Bolvadin'in Temel Taşları

 

ZİRAATÇİ  ABDUREYİM  (ABDURRAHİM GÜMÜŞ)

 

3 Şubat 1929…Abdurrahim Gümüş dünyaya geliyor. Cılkoğlu Sülalesi’nden Hacı Abdurrahim Ağa’nın oğlu Ahmet Efendinin, altı çocuğundan birisidir. Hacı Abdurrahim Ağa, 1890 yılında belediye başkanlığı yapmış, varlıklı bir kişidir. Hacıoğlu Sucukları’nın tam karşısındaki, yıkılan Hacı Abdurrahim Çeşmesi’ni yaptırmış. Onun yanında da evleri vardı. Cılklar, Sarıkeçili Yörüklerinden olup, konar-göçer hayat yaşarken, 1780 yılında Bolvadin Dapan Ovası mevkiine iskân edilmişlerdir. Daha sonra, İmaret Mahallesi’ne gelip, yerleşik düzene geçmişlerdir. Zamanında en çok araziye sahip olan bir oymak olarak bilinir.

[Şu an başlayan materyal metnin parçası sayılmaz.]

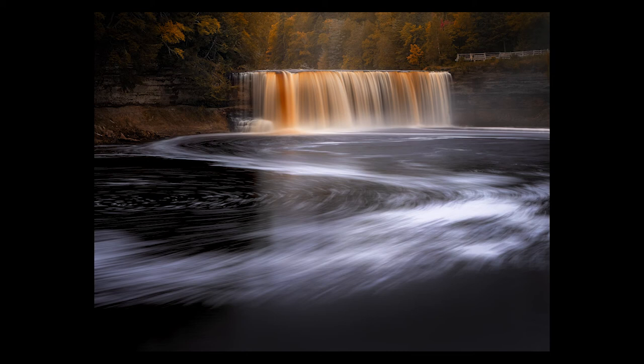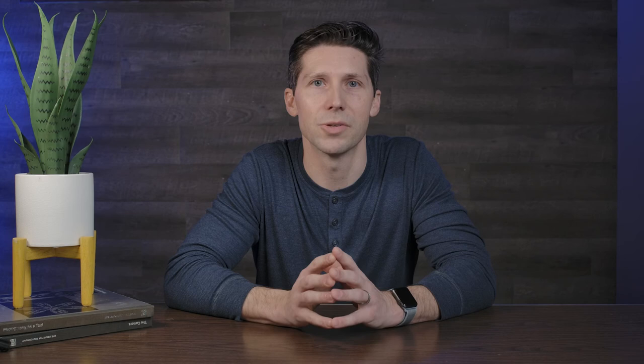That brings us to tip number six, and this is the most important one. I call it pointless practice. When was the last time you went out with a clear idea of what you wanted to improve? When I first got my camera, I would grab it, run out the door around sunset, and just start snapping pictures. Day after day, week after week, nothing was changing because I wasn't evaluating what I was doing. My mom takes hundreds of pictures of my kids all year long, but she's no closer to being a portrait photographer than she was yesterday, the day before, or ten years ago.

Abdürrahim Gümüş’ün babası Ahmet, rüştiye (ortaokul) mezunu idi. Sakin, efendi kişiliğiyle biliniyor. Genç yaşta vefat ettiğinde beş kız, bir oğlan dökülüp kalıyor. Oğlu Abdürrahim, henüz dokuz yaşında… Erkek çocuğu olarak evin sorumluluğu sırtına biniyor. İçinde olan okuma-öğrenme isteği, okumaya yöneltiyor. İlkokulu, ortaokulu ve ziraat lisesini başarıyla bitirip, ziraatçı oluyor. Daha sonra öğretmen lisesinde tarım öğretmeni olarak görev yapıyor. Emeklilik yıllarında, dini konuları içeren yedi kitap bastırıp, halka ücretsiz dağıtıyor. Horan Parkı’nın düzenlemesinde ve ağaçlarının dikiminde büyük emeği geçmiştir. Ağaç ve bitki sevdalısıdır. Bolvadin’de meyveciliği, Sultandağı’nda kirazcılığı başlatmıştır. Evliliğinden, bir kızı ve iki oğlu dünyaya geliyor. Kızı öğretmen, oğulları da mühendis oluyor.

 

   DEMİRCİ ÇIRAĞI

Yıl 1936…Develi’nin yanında tarlaları var. Babası, Eber Gölü’ne dökülen Akarçay’dan pancarı sulamak için, tarlaya gidiyor. Hava biraz soğuk… O zamanlar giymek için çizme falan yok. Ayakkabı ve çoraplarını çıkarıyor. İçdonunu sıvıyor ve buz gibi suya girip akşama kadar tarlayı suluyor. Bu arada çok üşüyor. Eve gelince titremeye başlıyor ve yatağa düşüyor. İlçenin tek hükümet tabibini getiriyorlar, ciğerlerini üşütmüş, diyor. Gerekli tedavi yapılıyor fakat bir türlü iyi olamıyor. Oğlunun çiftçi olmaması için elinden tutup Demirci Mıstık Emmi’nin yanına çırak olarak veriyor. Okula başladıktan sonra da tatillerde de çıraklığa devam ediyor. Babası, hastalandıktan iki sene sonra, otuz yedi yaşında iken vefat ediyor.

 

   JANDARMA

Bir milletin huzuru, rahatı için, jandarmaya ve polise büyük ihtiyacı vardır. Günümüzde jandarma ve polis bizim göz bebeğimizdir. Her daim onların selameti ve güvenliği için dua ederiz. Zamanında halka karşı gereksiz uygulamalar, toplumu jandarmaya karşı soğutmuş.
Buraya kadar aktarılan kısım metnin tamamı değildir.